Below are records to repeat exactly; copy them without the pictures.

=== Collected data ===
........
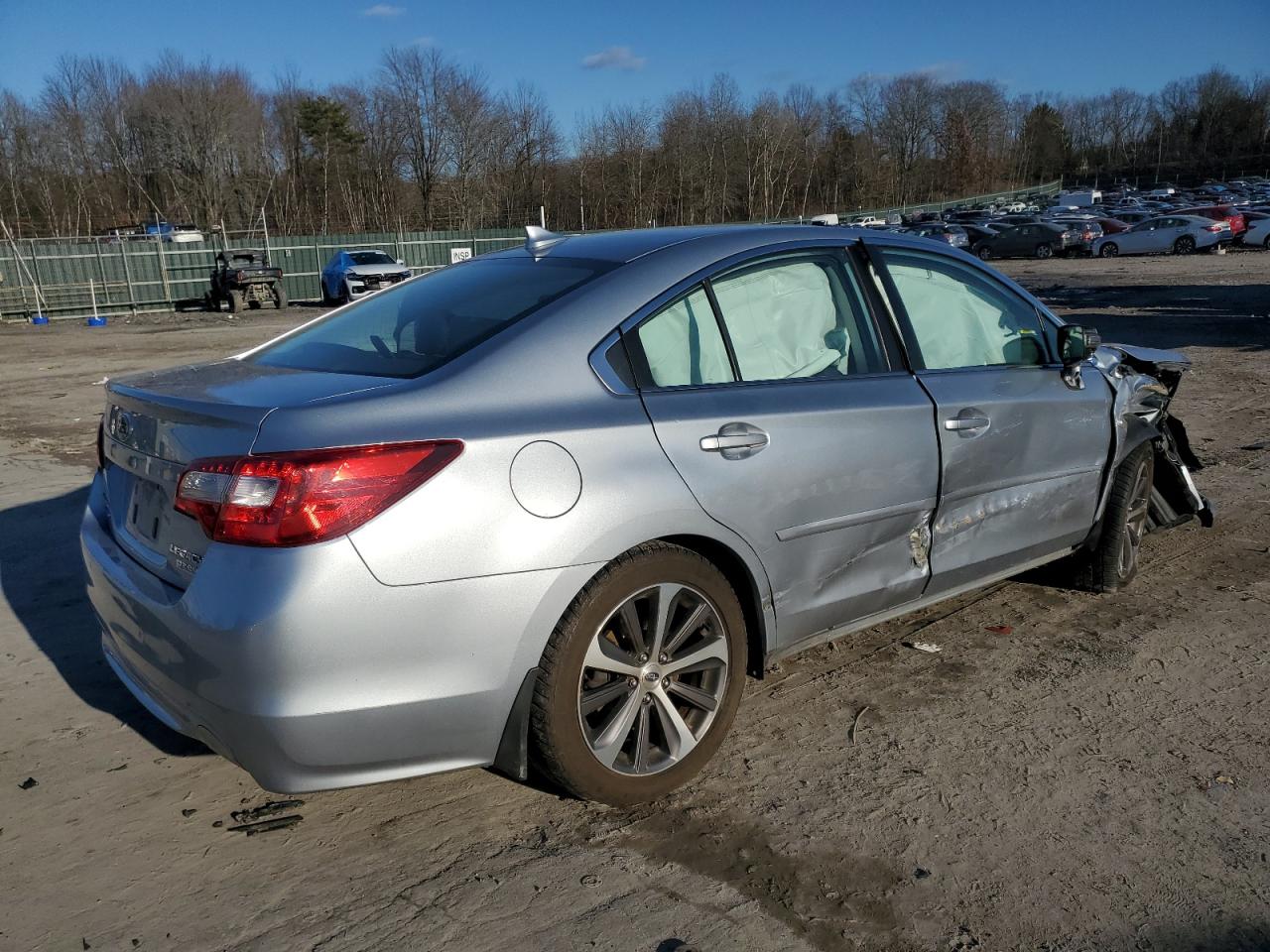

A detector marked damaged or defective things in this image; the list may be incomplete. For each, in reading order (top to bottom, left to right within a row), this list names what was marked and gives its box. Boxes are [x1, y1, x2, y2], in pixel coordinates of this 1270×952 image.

damaged silver subaru legacy [79, 223, 1208, 807]
damaged front end [1086, 342, 1213, 537]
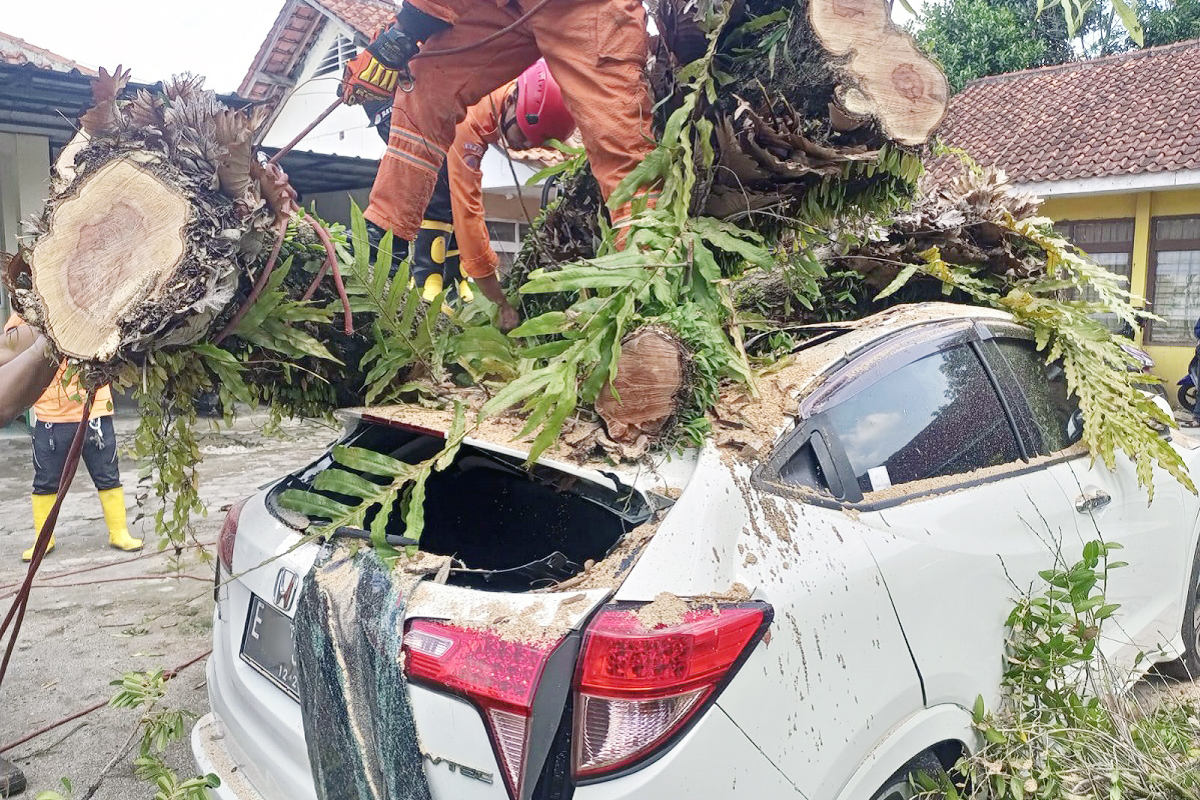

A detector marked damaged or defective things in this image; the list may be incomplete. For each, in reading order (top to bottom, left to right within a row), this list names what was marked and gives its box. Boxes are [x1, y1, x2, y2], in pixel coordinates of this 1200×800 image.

crushed white honda hr-v [190, 302, 1200, 800]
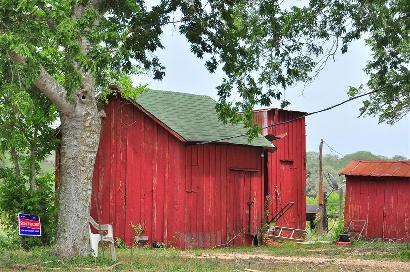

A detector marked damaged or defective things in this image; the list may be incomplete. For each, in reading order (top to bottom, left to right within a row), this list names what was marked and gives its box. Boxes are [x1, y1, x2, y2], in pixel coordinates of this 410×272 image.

rusty metal roof [340, 160, 410, 177]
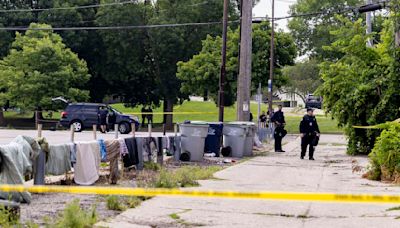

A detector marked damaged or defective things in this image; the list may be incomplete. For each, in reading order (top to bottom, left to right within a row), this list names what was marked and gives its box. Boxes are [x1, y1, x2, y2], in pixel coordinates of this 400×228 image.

cracked pavement [97, 134, 400, 227]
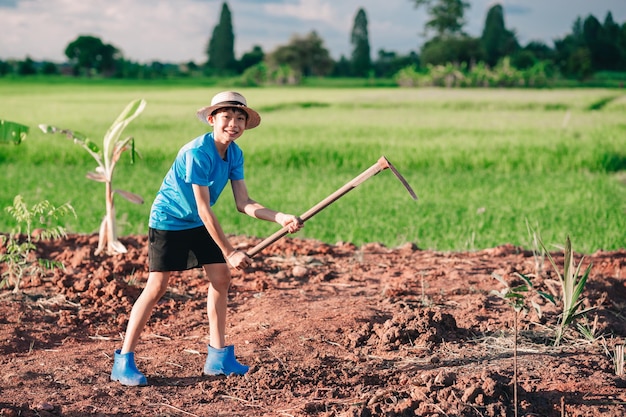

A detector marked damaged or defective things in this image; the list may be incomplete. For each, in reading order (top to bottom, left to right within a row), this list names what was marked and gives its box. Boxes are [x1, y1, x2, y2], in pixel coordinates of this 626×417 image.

rusty hoe blade [246, 154, 416, 255]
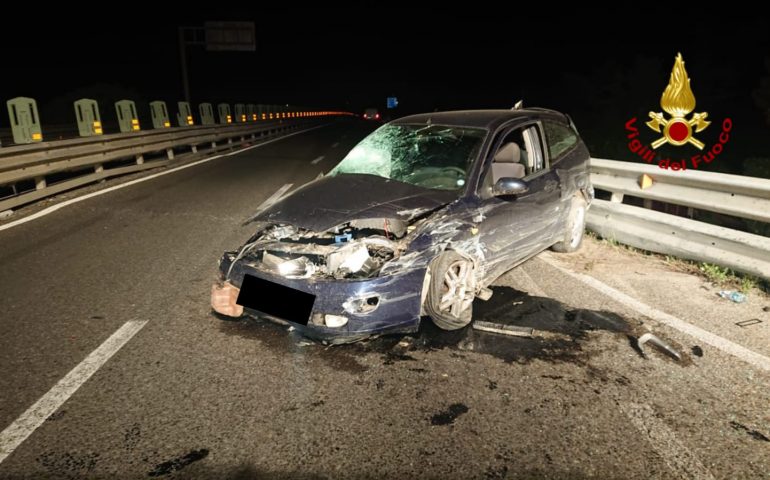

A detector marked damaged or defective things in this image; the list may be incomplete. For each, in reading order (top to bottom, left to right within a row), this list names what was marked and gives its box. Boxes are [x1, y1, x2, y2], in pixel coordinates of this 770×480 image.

cracked windshield [330, 124, 486, 189]
dented hood [252, 173, 456, 232]
damaged dark blue car [213, 108, 592, 342]
crumpled front bumper [213, 255, 424, 342]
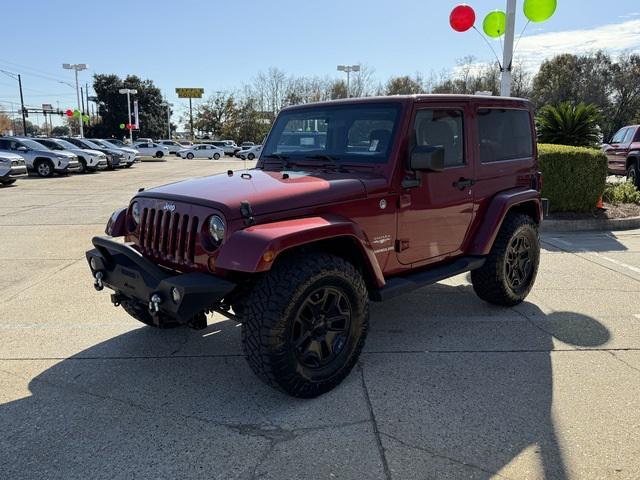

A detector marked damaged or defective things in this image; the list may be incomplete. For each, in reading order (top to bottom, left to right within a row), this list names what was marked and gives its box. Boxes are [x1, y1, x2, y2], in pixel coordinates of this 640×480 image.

pavement crack [358, 364, 392, 480]
pavement crack [378, 432, 512, 480]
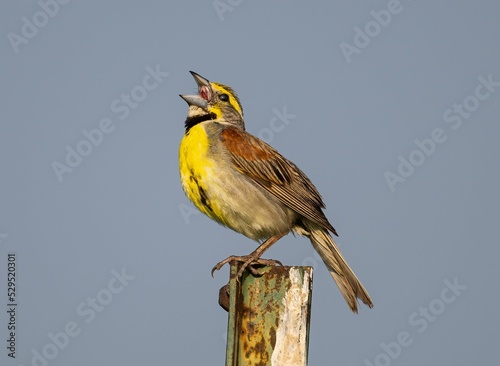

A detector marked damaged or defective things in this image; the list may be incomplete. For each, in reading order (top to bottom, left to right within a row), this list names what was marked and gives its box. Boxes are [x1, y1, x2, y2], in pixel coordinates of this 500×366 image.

rusty metal pole [223, 264, 312, 366]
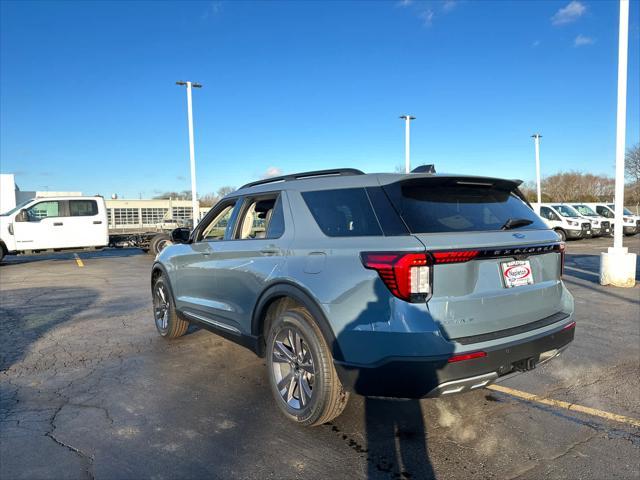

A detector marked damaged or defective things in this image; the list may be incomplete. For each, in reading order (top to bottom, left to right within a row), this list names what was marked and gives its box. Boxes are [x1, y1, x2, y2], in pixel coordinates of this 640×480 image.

cracked pavement [0, 238, 636, 478]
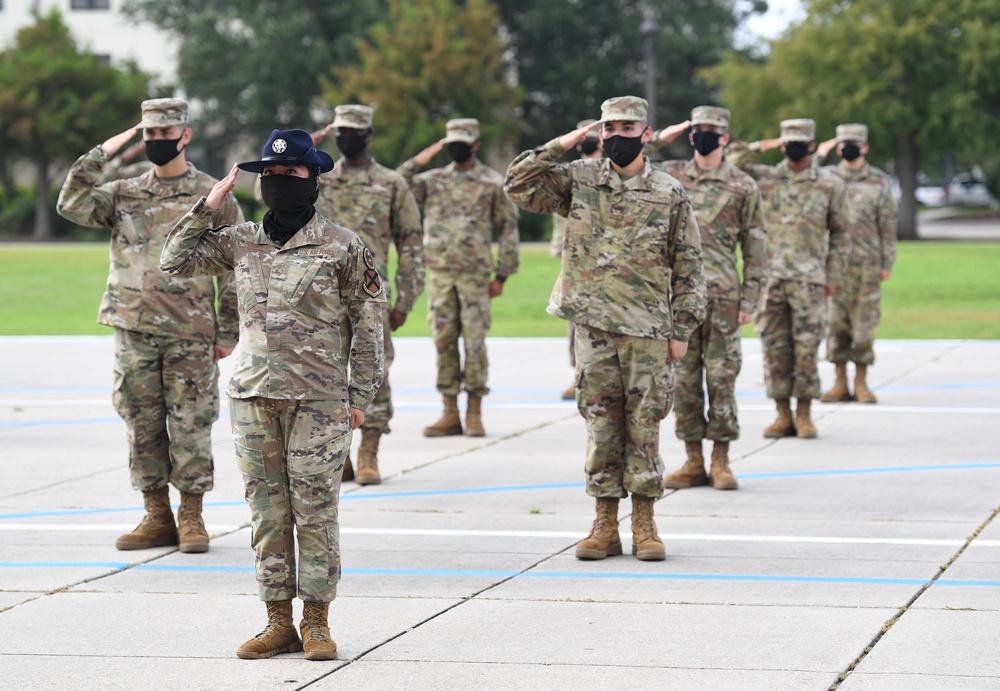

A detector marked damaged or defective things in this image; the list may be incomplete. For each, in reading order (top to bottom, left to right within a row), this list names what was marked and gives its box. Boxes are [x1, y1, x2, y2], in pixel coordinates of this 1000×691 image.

pavement crack [828, 502, 1000, 691]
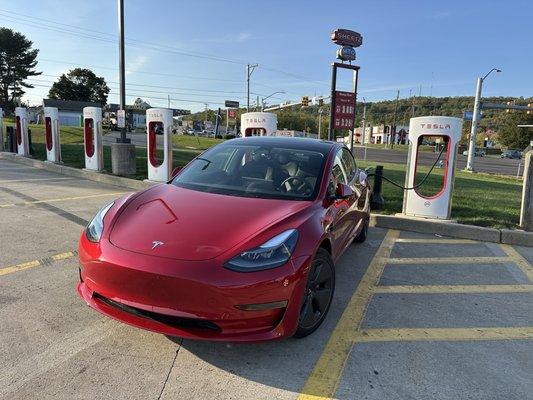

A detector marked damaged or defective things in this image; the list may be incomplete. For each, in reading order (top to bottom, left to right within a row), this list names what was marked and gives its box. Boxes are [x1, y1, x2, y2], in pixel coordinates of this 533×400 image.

pavement crack [156, 338, 183, 400]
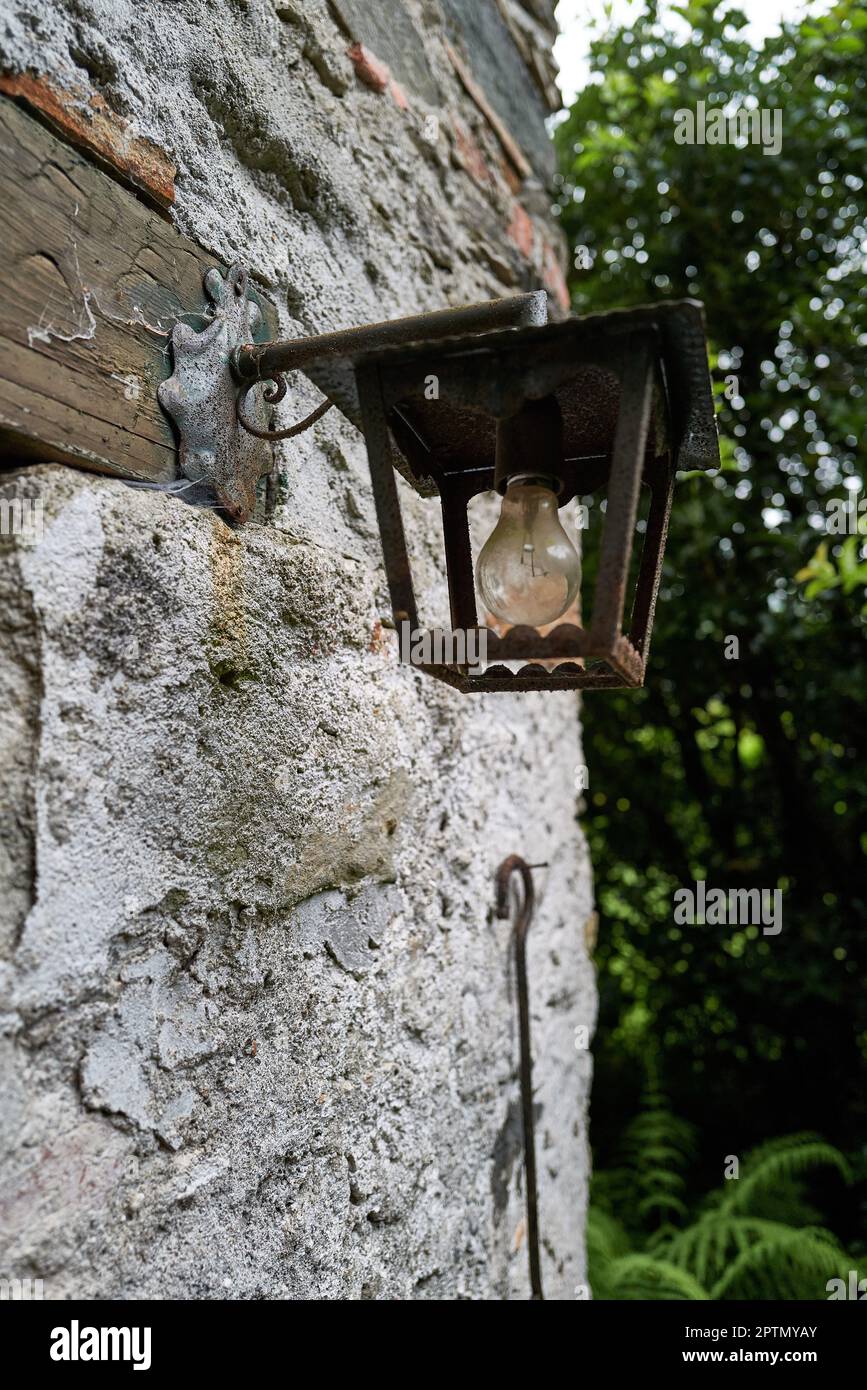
........
=== RESULT OF THE TASK ===
A detector marked damaged or defective things in this image; the list may be incomplete. For each, in reading order (top to bottom, left to right within a row), this list names what was marked and gives its box. Boxes are [x1, y1, x2, y2], in pixel coordinates of this 1270×952 image.

damaged silver subaru legacy [79, 223, 1208, 807]
damaged front end [1086, 342, 1213, 537]

A detector marked damaged or defective things in this image; the list may be incomplete. For each, in reading order (top to bottom, left to right within a row), this list names what was marked and gives its box. Boxes are [x1, y1, x2, y2], in pixel coordinates of this 1200×800 image.

crushed white honda hr-v [190, 302, 1200, 800]

A detector marked damaged or defective things in this image; the list may be incomplete. For each, in reading order (top to bottom, left to right within a row), this list names what was marked and gives its box. Boxes are [x1, y1, x2, y2], in pixel coordinates of this 410×272 image.

rusty metal roof [340, 160, 410, 177]

A detector marked damaged or defective things in this image; the list may be incomplete. For each, in reading order (top to bottom, left to right within a row), this list names what was marked and gives its box. Boxes are [x1, y1, x2, y2], in pixel coordinates of this 400×228 image.

cracked pavement [97, 134, 400, 227]

A detector marked damaged or defective things in this image; the list may be incomplete. For each, in reading order (top to bottom, left to right within a row), this list names what was marked and gives its box. Boxes are [x1, y1, x2, y2], in pixel coordinates of this 626×417 image.

rusty hoe blade [246, 154, 416, 255]

A detector marked damaged or defective things in this image; the list may be incomplete. For each, in reading order (top to bottom, left to right within a row), this list names what was marked and gives its box. Boxes are [x1, y1, x2, y2], in pixel coordinates of this 770×480 image.

cracked windshield [330, 124, 486, 189]
dented hood [252, 173, 456, 232]
damaged dark blue car [213, 108, 592, 342]
crumpled front bumper [213, 255, 424, 342]

A detector marked damaged or defective things in this image; the list may be incomplete. For each, in reading order (top to bottom, left to right within a row), this list names what was marked and gives its box. Boxes are [x1, y1, x2, y2], in pixel coordinates of this 640×480 image.

pavement crack [358, 364, 392, 480]
pavement crack [378, 432, 512, 480]

A detector marked damaged or defective things in this image; the list may be incomplete. For each, in reading order (top to bottom, left to right within a row), this list names what was marked and gives its box. Boxes are [x1, y1, x2, y2], in pixel coordinates of this 500×366 image.

rusty metal pole [223, 264, 312, 366]

A detector marked damaged or defective things in this image; the list may be incomplete. For each, in reading order (top to bottom, left to right within a row), this list names what was marked and gives its box. Boxes are [x1, y1, x2, y2], in pixel coordinates of this 640×480 image.

cracked pavement [0, 238, 636, 478]

A detector marked damaged or defective things in this image; the list may be incomplete. For each, in reading order (top to bottom, left to right within a row), this list names what was marked and gives its box. Boxes are [x1, y1, x2, y2], in pixel coordinates of this 1000×691 image.

pavement crack [828, 502, 1000, 691]

A detector marked damaged or defective things in this image; the list may be incomplete. For each, in reading order (top to bottom, left to right within a row), this list names what was marked and gives its box. Boxes are [x1, y1, x2, y2], in pixel coordinates of this 533×400 image.

pavement crack [156, 338, 183, 400]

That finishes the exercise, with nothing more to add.